> **Source data**
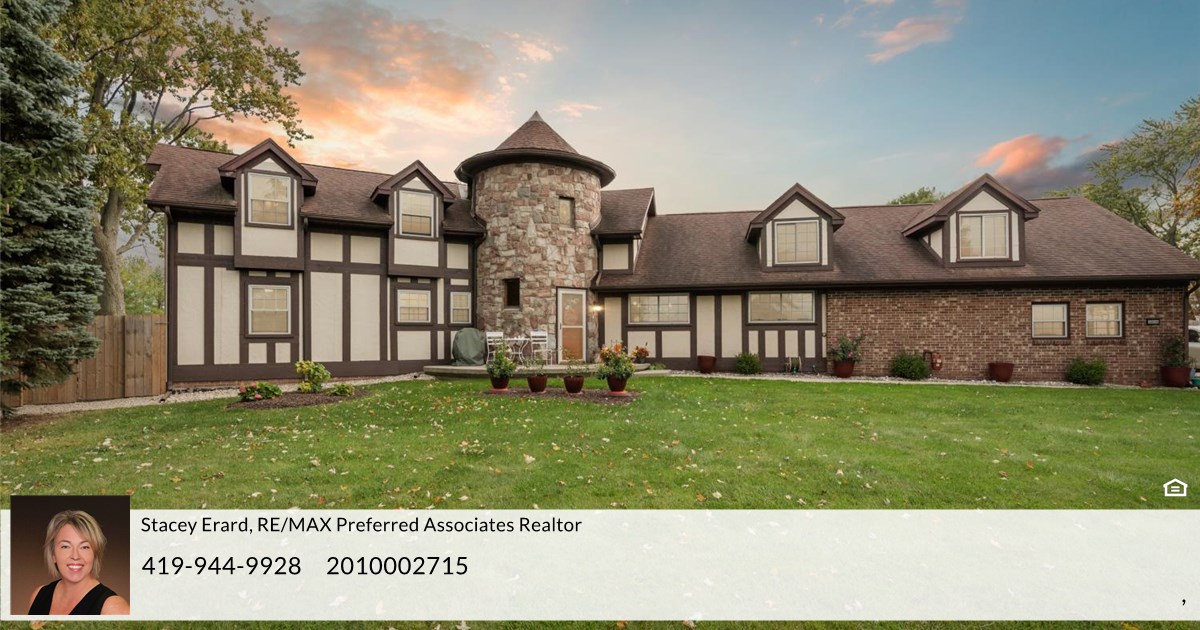 5846 Cedar Point Rd, Oregon, OH 43616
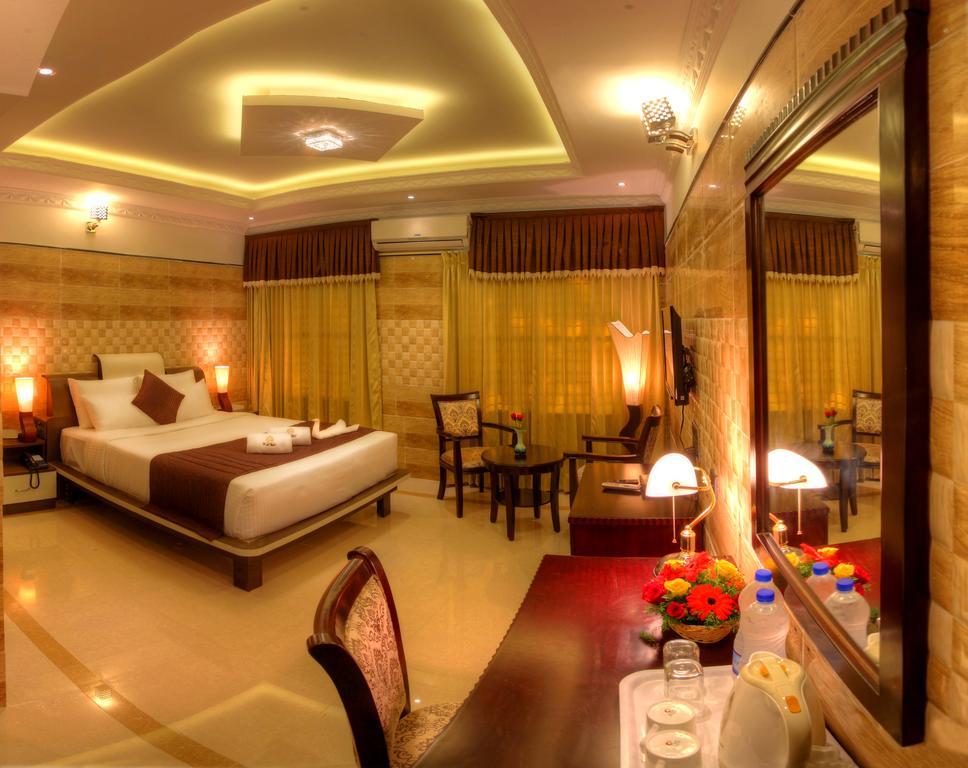 Jal Mahal Resort And Spa Maisúr Pokoj fotografie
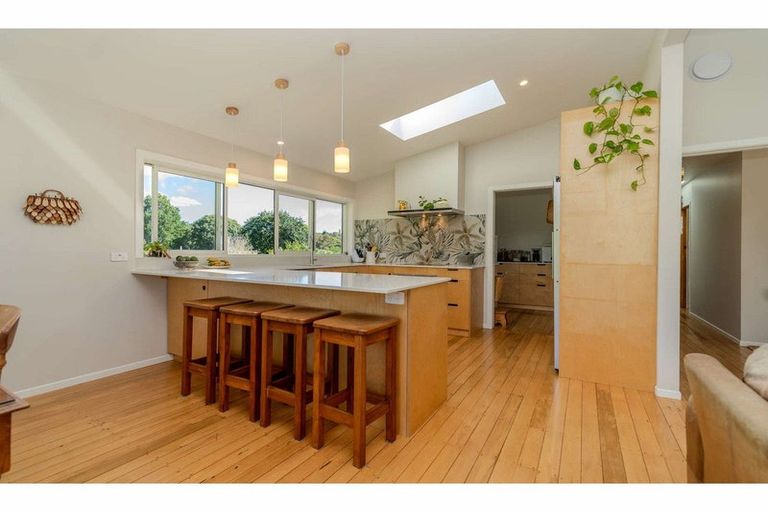 Photo of property in 45 Kemp Road, Kerikeri, 0230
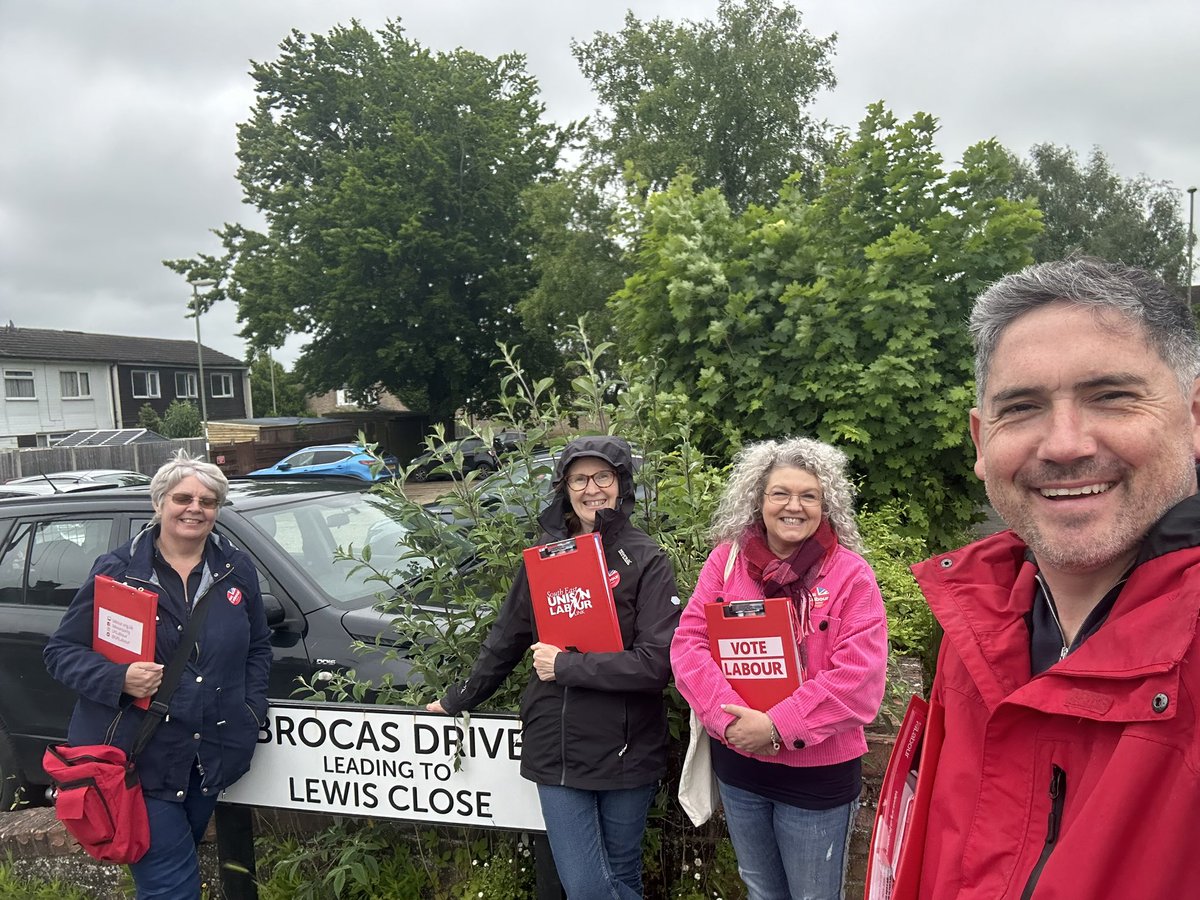 More fabulous canvass sessions with our brilliant activists in #Basingstoke 

Thanks to all the residents that spoke to us 

Yet more voters telling us #itstimeforchange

> **What is expected**
Write out verbatim the lines from the one containing "More fabulous canvass" through the last line of the listing above, and no other lines; omit pictures.

> **Result**
 More fabulous canvass sessions with our brilliant activists in #Basingstoke 

Thanks to all the residents that spoke to us 

Yet more voters telling us #itstimeforchange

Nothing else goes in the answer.